I have one card left in my hand. And I can see I shall have to play
it."

Dipper
joined Julian in his room a quarter of an hour later, as clean and
neat as if he had never set foot outside the villa that night. He
began laying out Julian's evening clothes, blissfully unheeding of
Julian's suggestion that he take the rest of the night off. "Have
you at least taken some refreshment?" Julian asked. "I
don't want you dropping from fatigue and cluttering up the carpet."
"I had some wine and a biscuit, sir." "Very
fortifying, if you happened to be a mouse." "Sir."
Dipper put down his clothes brush and looked at Julian in pained
remonstrance. "I can't have you looking anything less than
togged out to the nines. Puts me in a bad light, don't it, sir, on
account of everybody knows it's me as rigs you out."

"Yes,
I quite see. I shouldn't like to hazard your reputation." He
compromised by making Dipper share the cold meats, cheeses, and other
delicacies that shortly arrived on a tray. After they had eaten,
Julian finished dressing and regarded himself in the mirror. It
seemed extraordinary that he should look just as he did on any other
night his white cravat tied with exquisite simplicity, his black coat
and trousers moulded to his body without a crease, his white cashmere
waistcoat shimmering with a trace of white satin embroidery, his
black shoes mirror-bright. White kid gloves hid the scratches on his
hands. He glanced toward the clothes he had been wearing before, now
piled in a corner like a snake's sloughed skin. He hoped the boots
could be saved. He would not find another pair like them before he
returned to England.

He
was procrastinating, he knew. He must go downstairs. He owed a
great many explanations, and the time had come to pay the debt.

He
had no sooner emerged from his room than Beatrice looked out of her
room across the way. "I've been listening for you," she
whispered. "Come in for a moment!"

He
complied.
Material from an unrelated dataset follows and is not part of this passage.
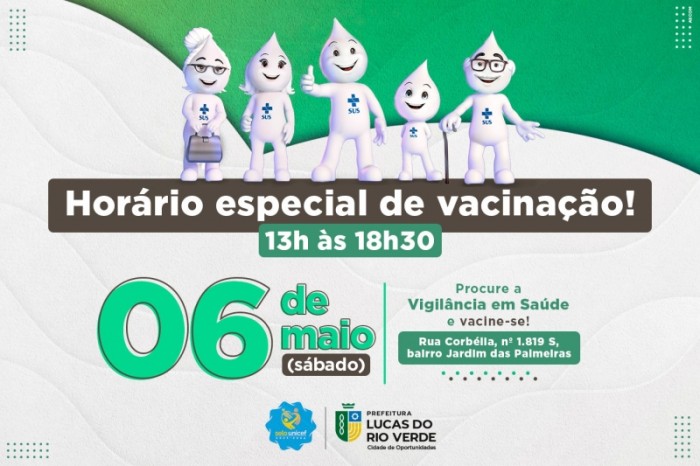 Mais uma etapa de vacinação será realizada neste sábado (06), na Vigilância em Saúde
She closed the door behind them, leaned back against it,
and looked at him with rueful, laughing eyes. "I had to speak
to you alone. I've been hovering in wait for you like a peasant girl
for her sweetheart."

"It
suits you," he said, smiling.

"I'm
behaving horribly, I know. I have every reason to be angry with you.
Last night you spurned me you even seemed to suspect me of the
murders. Pride ought to keep me from approaching you first;
resentment ought to harden my heart against you. But when you fell
into danger I forgot my anger, and now that you've returned I've lost
my pride. I'm not afraid to make the first advance. Forgive me,
Giuliano, for everything."

She
held out her hand. He took it, bent over it, and kissed it. When he
straightened, she was looking at him with dazzled eyes. "Come
to me tonight, Giuliano," she breathed. "Tell your doctor
friend something, anything, but come to me."

He
drew her into his arms. She abandoned herself to him. He felt that
she kissed him with her very soul on her lips.

When
at last they moved a little apart, he asked, "What of Orfeo?
Have you forgotten your anger against him, too?"

Her
face set. "We know now who he is. I can leave him in Grimani's
hands. I believe Grimani has no more love for him than I have."
Her features softened once more. "So you see, I'm free of him.
We need never think of him again."

He
clasped her once more to his heart and kissed her, letting the moment
engulf him blot out all that had passed and all that was to come.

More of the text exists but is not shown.